Directions: Reproduce each line below precisely. Drop the pictures.

Information supplied:
--------------------
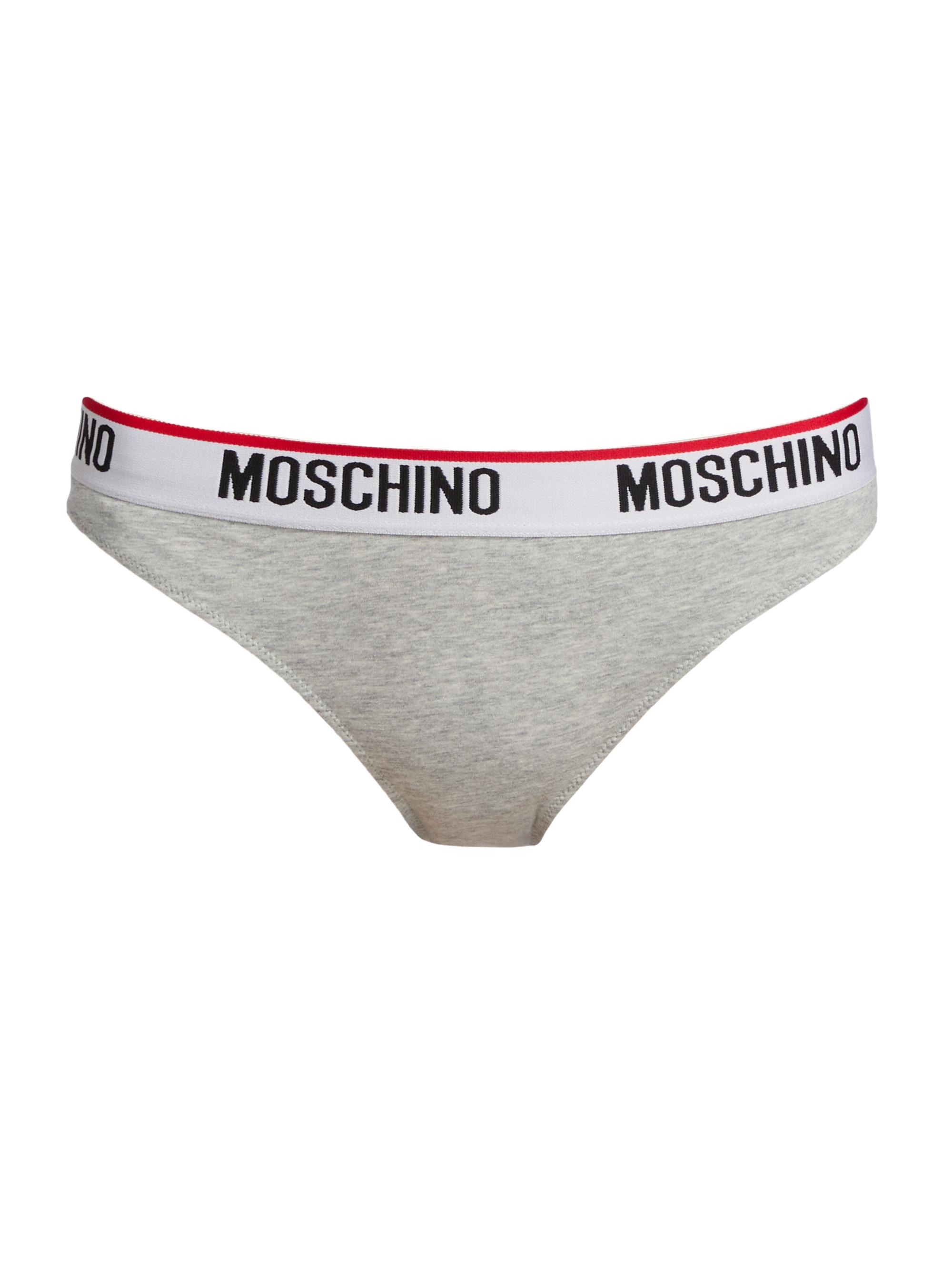Moschino Women's Logo Band Briefs - Grey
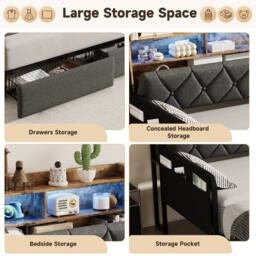 Matteo Single Daybed with Trundle, Storage, LED Lighting & Charging - Grey - thumbnail 9
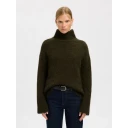 Selected Slfgabriella Ls Knit High Neck Noos - Khaki green - L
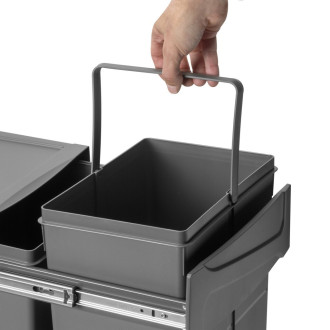 Bac de tri sélectif a montage inférieur et extraction manuelle pour élément de cuisine Recycle, 2x25litres, Plastique gris antracite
--------------------
The answer:
Moschino Women's Logo Band Briefs - Grey
 Matteo Single Daybed with Trundle, Storage, LED Lighting & Charging - Grey - thumbnail 9
 Selected Slfgabriella Ls Knit High Neck Noos - Khaki green - L
 Bac de tri sélectif a montage inférieur et extraction manuelle pour élément de cuisine Recycle, 2x25litres, Plastique gris antracite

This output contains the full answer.